:: TO DO ::
The line with "С 19 февраля" marks the first line to copy, and the line with "สมเด็จพุฒาจารย์ (โต พรหมรังสี)อนุสรณ์ฯ122ปี" marks the last. Transcribe that stretch of the data below exactly, without pictures.

:: GIVEN DATA ::

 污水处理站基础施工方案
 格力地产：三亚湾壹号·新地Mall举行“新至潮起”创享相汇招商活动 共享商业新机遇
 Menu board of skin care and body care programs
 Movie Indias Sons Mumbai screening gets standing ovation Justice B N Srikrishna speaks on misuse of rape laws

==

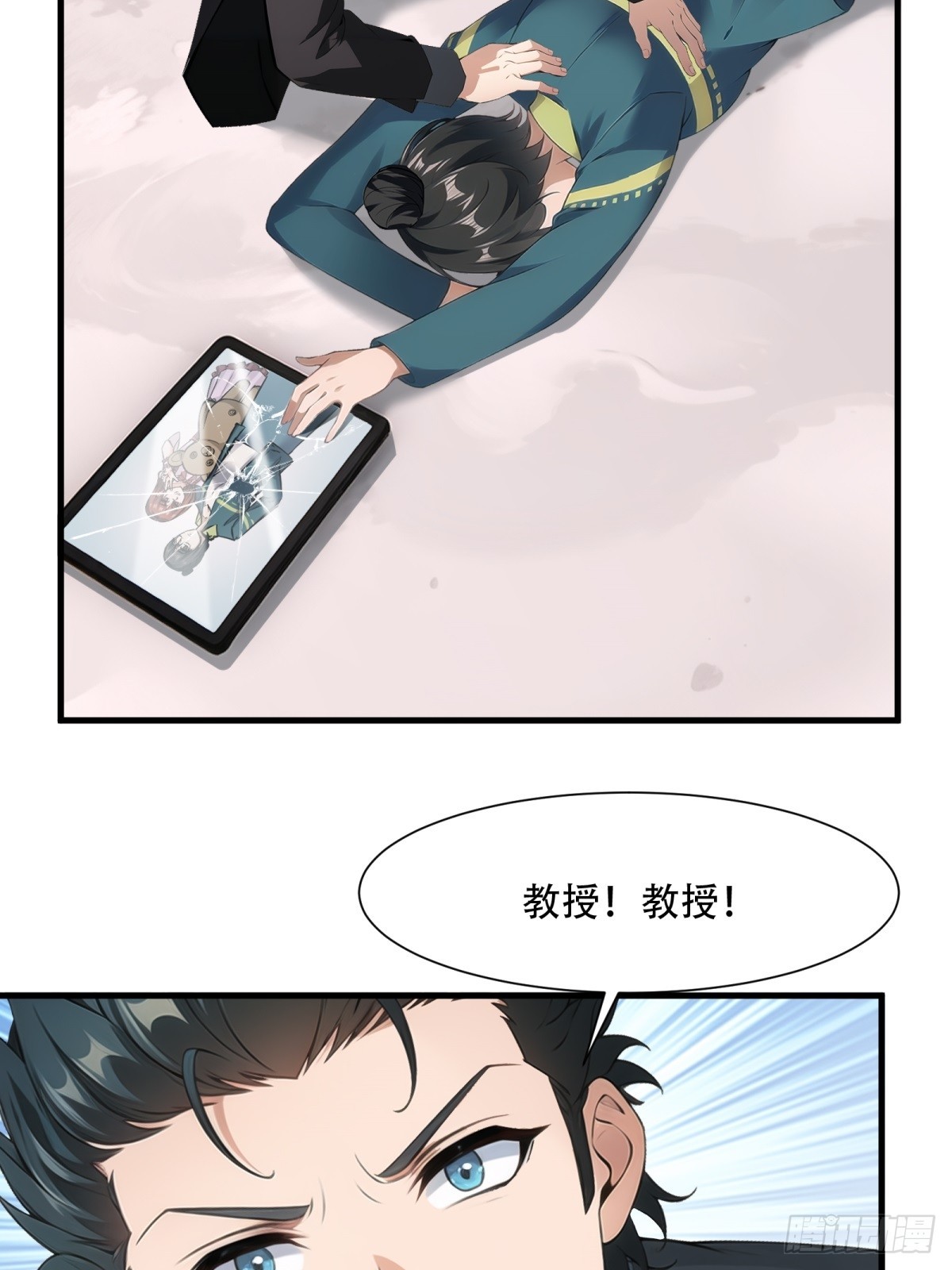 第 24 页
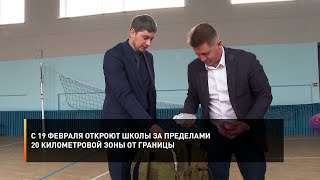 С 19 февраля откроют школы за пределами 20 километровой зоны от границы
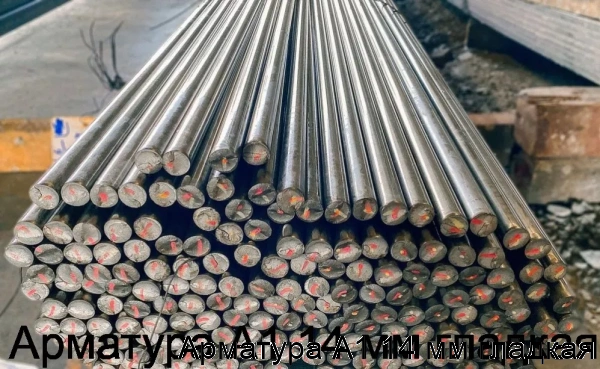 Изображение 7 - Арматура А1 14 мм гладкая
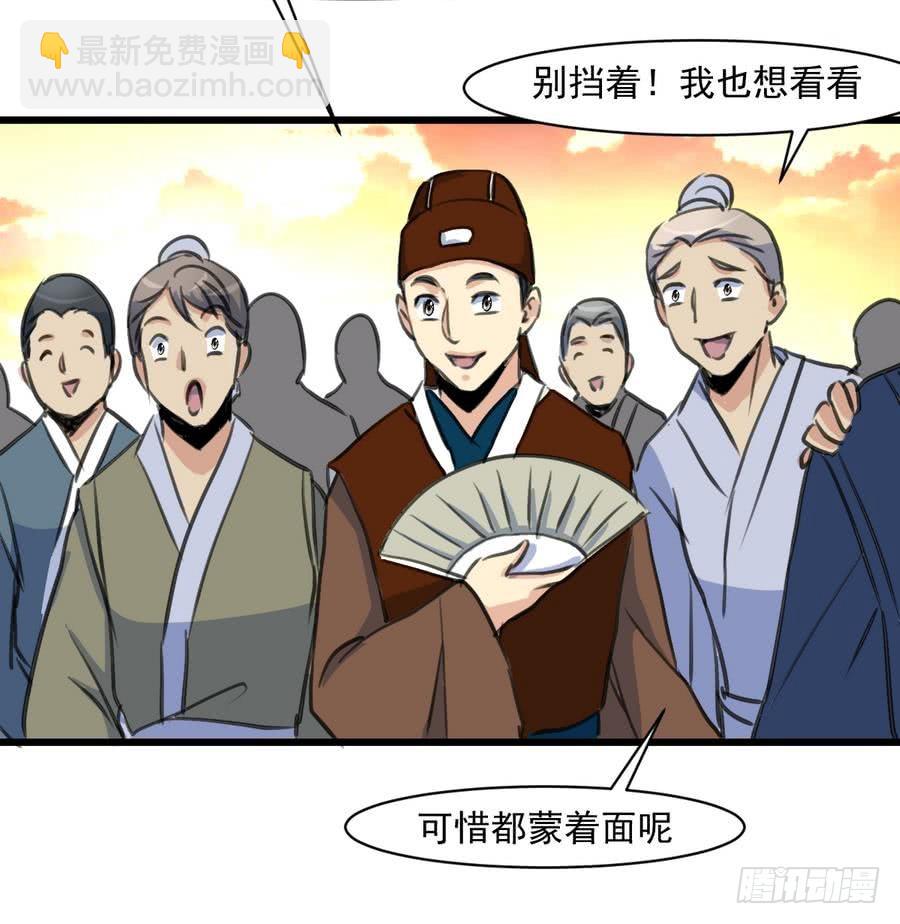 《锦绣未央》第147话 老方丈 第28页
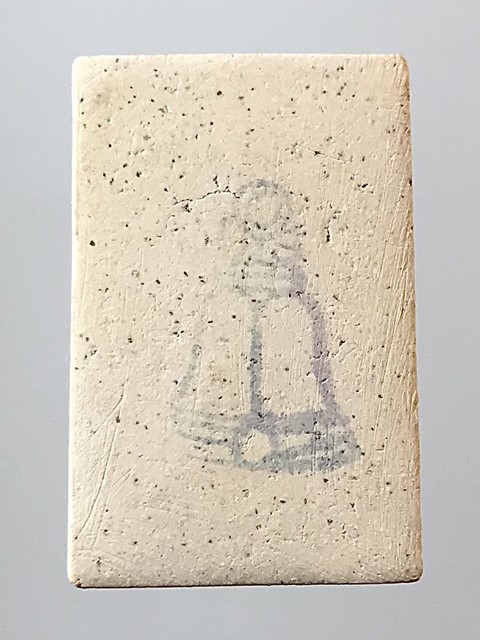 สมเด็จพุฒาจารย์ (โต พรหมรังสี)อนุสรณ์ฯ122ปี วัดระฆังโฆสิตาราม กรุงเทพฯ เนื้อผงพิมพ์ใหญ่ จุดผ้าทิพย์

:: RESPONSE TO THIS EXERCISE ::
 С 19 февраля откроют школы за пределами 20 километровой зоны от границы
 Изображение 7 - Арматура А1 14 мм гладкая
 《锦绣未央》第147话 老方丈 第28页
 สมเด็จพุฒาจารย์ (โต พรหมรังสี)อนุสรณ์ฯ122ปี วัดระฆังโฆสิตาราม กรุงเทพฯ เนื้อผงพิมพ์ใหญ่ จุดผ้าทิพย์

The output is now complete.